Direct electron transfer of horseradish peroxidase on a functional nanocomplex modified glassy carbon electrode.

Direct electron transfer of horseradish peroxidase (HRP) was achieved by immobilizing HRP on a functional nanocomplex modified glassy carbon (GC) electrode. The cyclic voltammograms (CVs) of the modified electrode have a pair of well-defined redox peaks with a formal potential (E°') of -26 ± 2 mV versus Ag/AgCl, in 0.05 M, pH7.0 phosphate buffer solution (PBS) at a scan rate of 0.05 V/s. The heterogeneous electron transfer constant (ks) was calculated to be 1.94 s-1. The modified electrode response toward hydrogen peroxide was linear in the concentrations ranging from 0.28 µM to 10 µM, with a detection limit of 0.28 µM. The apparent Michaelis-Menten constant (Kmapp) for H2O2 was 2.54 µM. Moreover, results of biochemical computation showed that the amino acid residues (Ala34, Arg38, Ser73, Arg75, Ala140, Pro141, Phe172, Gly173, Lys174, Phe179, Arg31, Ser35, Lys174, Gln176) of HRP may playa crucial role in the improvement of electron transport between electro-active site (heme group) of an HRP molecule and nanocomplex modified GC electrode.

Direct electrochemistry of glucose oxidase and glucose biosensing on a hydroxyl fullerenes modified glassy carbon electrode.

Direct electrochemistry of glucose oxidase (GOD) was achieved when GOD-hydroxyl fullerenes (HFs) nano-complex was immobilized on a glassy carbon (GC) electrode and protected with a chitosan (Chit) membrane. The ultraviolet-visible absorption spectrometry (UV-vis), transmission electron microscopy (TEM), and circular dichroism spectropolarimeter (CD) methods were utilized for additional characterization of the GOD, GOD-HFs and Chit/GOD-HFs.
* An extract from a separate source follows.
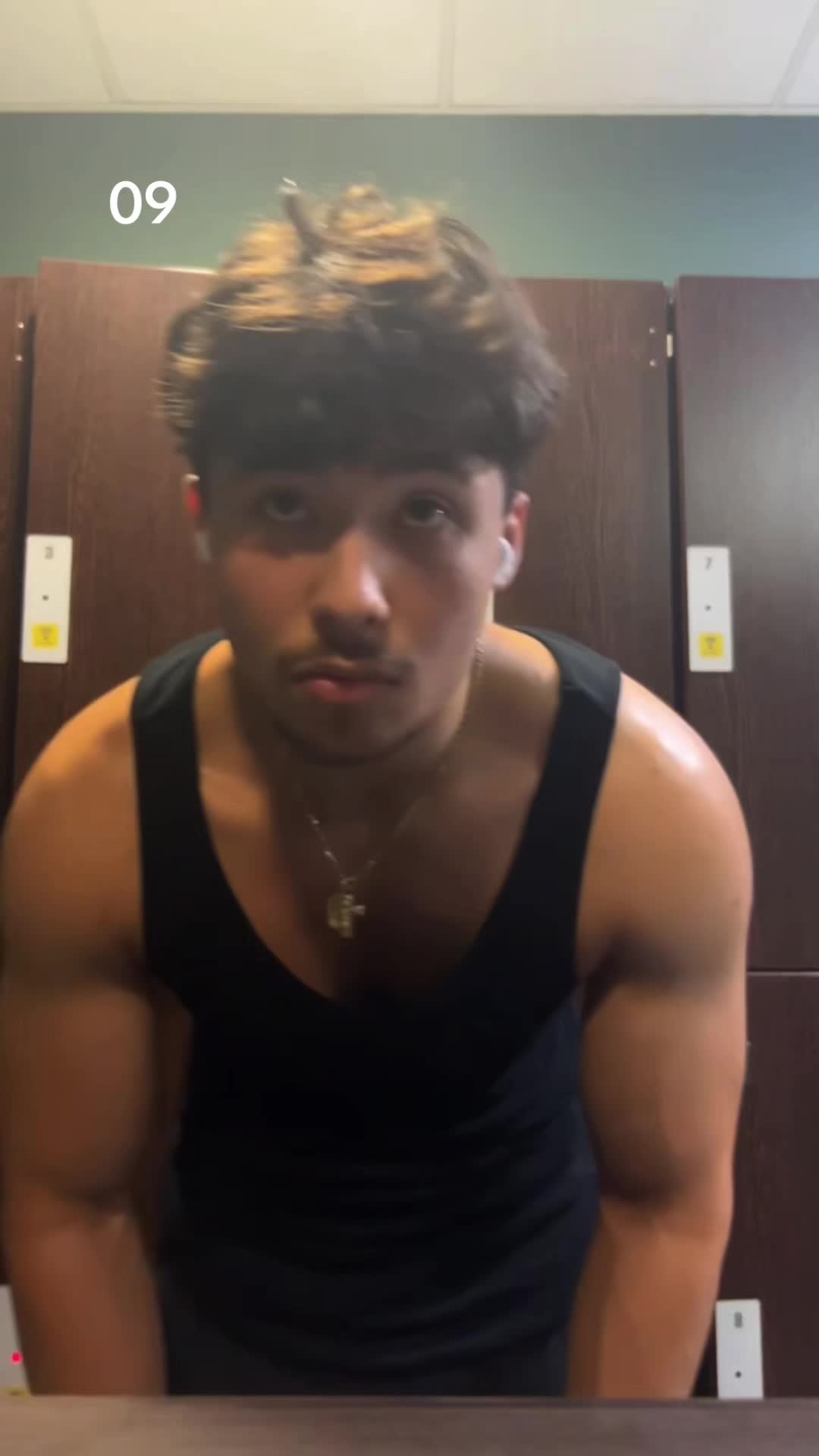 @ΠΑVZILLA🦍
Chit/HFs may preserve the secondary structure and catalytic properties of GOD. The cyclic voltammograms (CVs) of the modified GC electrode showed a pair of well-defined quasi-reversible redox peaks with the formal potential (E°') of 353 ± 2 mV versus Ag/AgCl at a scan rate of 0.05 V/s. The heterogeneous electron transfer constant (ks) was calculated to be 2.7 ± 0.2s(-1). The modified electrode response to glucose was linear in the concentrations ranging from 0.05 to 1.0mM, with a detection limit of 5 ± 1 µM. The apparent Michaelis-Menten constant (Km(app)) was 694 ± 8 µM. Thus, the modified electrode could be applied as a third generation biosensor for glucose with high sensitivity, selectivity and low detection limit.
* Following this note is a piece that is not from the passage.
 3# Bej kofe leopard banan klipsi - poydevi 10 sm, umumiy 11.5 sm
A highly efficient nano-cluster artificial peroxidase and its direct electrochemistry on a nano complex modified glassy carbon electrode.

A nano-cluster with highly efficient peroxide activity was constructed based on nafion (NF) and cytochrome c (Cyt c). UV-Vis spectrometry and transmission electron microscopy (TEM) methods were utilized for characterization of the nano-structured enzyme or artificial peroxidase (AP). The nano-cluster was composed of a Chain-Ball structure, with an average ball size of about 40 nm. The Michaelis-Menten (K(m)) and catalytic rate (k(cat)) constants of the AP were determined to be 2.5 ± 0.4 µM and 0.069 ± 0.001 s(-1), respectively, in 50 mM PBS at pH 7.0. The catalytic efficiency of the AP was evaluated to be 0.028 ± 0.005 µM(-1) s(-1), which was 39 ± 5% as efficient as the native horseradish peroxidase (HRP). The AP was also immobilized on a functional multi-wall carbon nanotube (MWNCTs)-gold colloid nanoparticles (AuNPs) nano-complex modified glassy carbon (GC) electrode. The cyclic voltammetry of AP on the nano complex modified GC electrode showed a pair of well-defined redox peaks with a formal potential (E°') of -45 ± 2 mV (vs. Ag/AgCl) at a scan rate of 0.05 V/s. The heterogeneous electron transfer rate constant (k(s)) was evaluated to be 0.65 s(-1). The surface concentration of electroactive AP on GC electrode (Γ) was 7 × 10(-10) mol cm(-2). The apparent Michaelis-Menten constant (K(m)(app)) was 0.23 nM.